Try it: Repeat, word for word and with nothing added, each line from the one containing "Kia The New Ray id 3428332 из Кореи 8" to the final line of the data, keeping both ends. Pictures are not part of the copy.

Provided data:

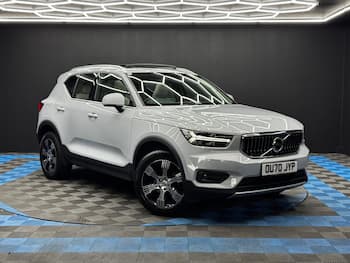Used Volvo XC40 2020 for sale - 79698865: Photo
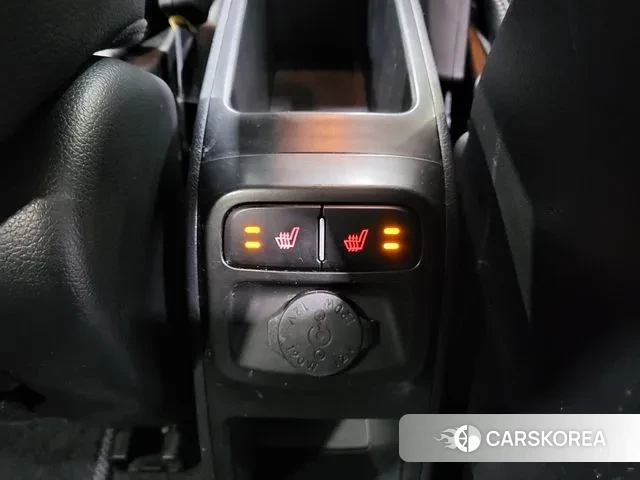 Kia The New Ray id 3428332 из Кореи 8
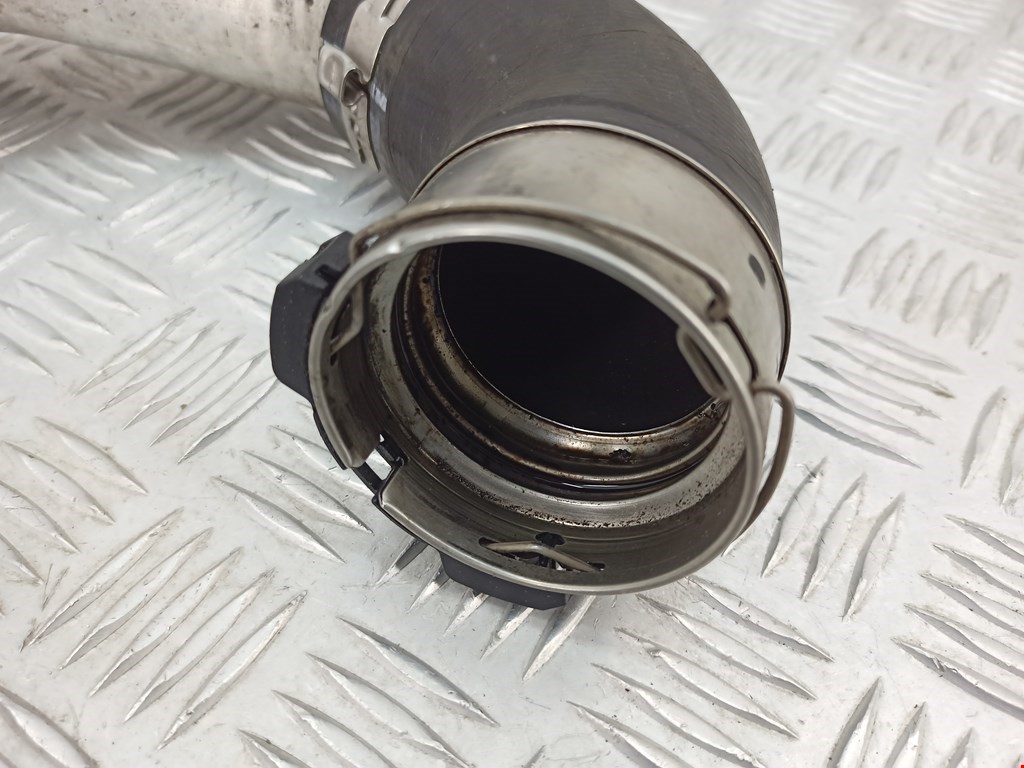 Патрубок интеркулера MERCEDES-BENZ Vito W639 2003-2014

Solution for this problem:
 Kia The New Ray id 3428332 из Кореи 8
 Патрубок интеркулера MERCEDES-BENZ Vito W639 2003-2014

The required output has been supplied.